TE: Good! I was proud of that one…
[You can view full versions of these minicomics at Tom’s site, as well as download PDF copies that you can print and fold. You can also click on the images here to see larger versions of them.]
ADJ: And then I tracked you down, even though you’d graduated a year or two ahead of me—maybe we had friends in common? Did you know Melissa Hsiung and Maureen Mahr?
TE: I did know Melissa, and David Grainger too was another friend we had in common.
ADJ: Oh! Right! “Grave Danger”! I think I’m still friends with him, on Facebook. (Hi, Dave!)
TE: Yes! At Penn State, he and I did a lot of music recording together.
ADJ: But how did we actually get in touch? Did you put your email address on the comics?
TE: Yup, you emailed me, it was on the comics.
[Again, click either the image or here to see a larger version. Also, let me know if you see Tom’s email address on these comics. Perhaps I wrote him a letter?]
ADJ: And you invited me to a party at your apartment in Queens.
TE: A dinner party. It was in my small studio apartment, with an animation light table laid flat as one of the dinner tables.

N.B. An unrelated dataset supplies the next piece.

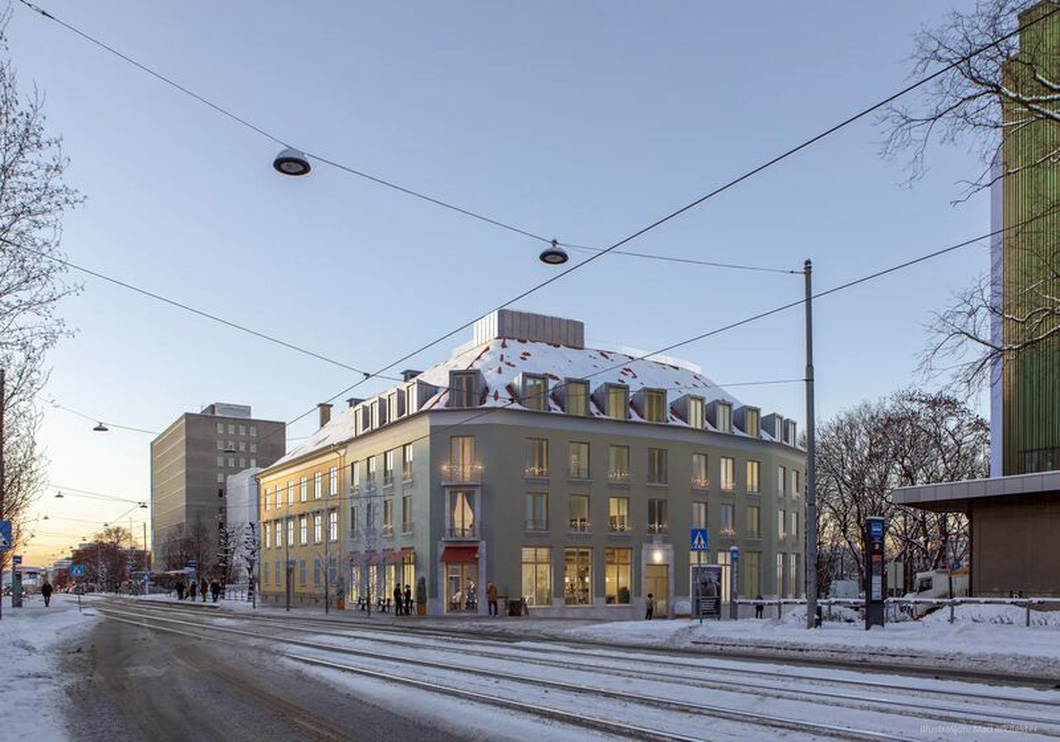 Tòa nhà Sandakerveien 58 B/C sửa đổi tự hào có một cái nhìn truyền thống hơn nhiều - Ảnh: MAD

ADJ: Right, right. You showed us one of those animations. I remember feeling envious: you had a VCR with a flying erase head! (I was just starting to make video art myself, around that time.)
TE: It’s really sad that flying erase heads were once enviable. I’m so grateful for the digital revolution.
When I started in animation, digital production was fairly new. I remember realizing that all these things that cost so much money to do could now just be done at home for free (such as, renting time at a video editing suite).
ADJ: I had a similar experience the first time I used Sound Forge, and realized that recording effects that once took weeks to create on tape could be accomplished in minutes.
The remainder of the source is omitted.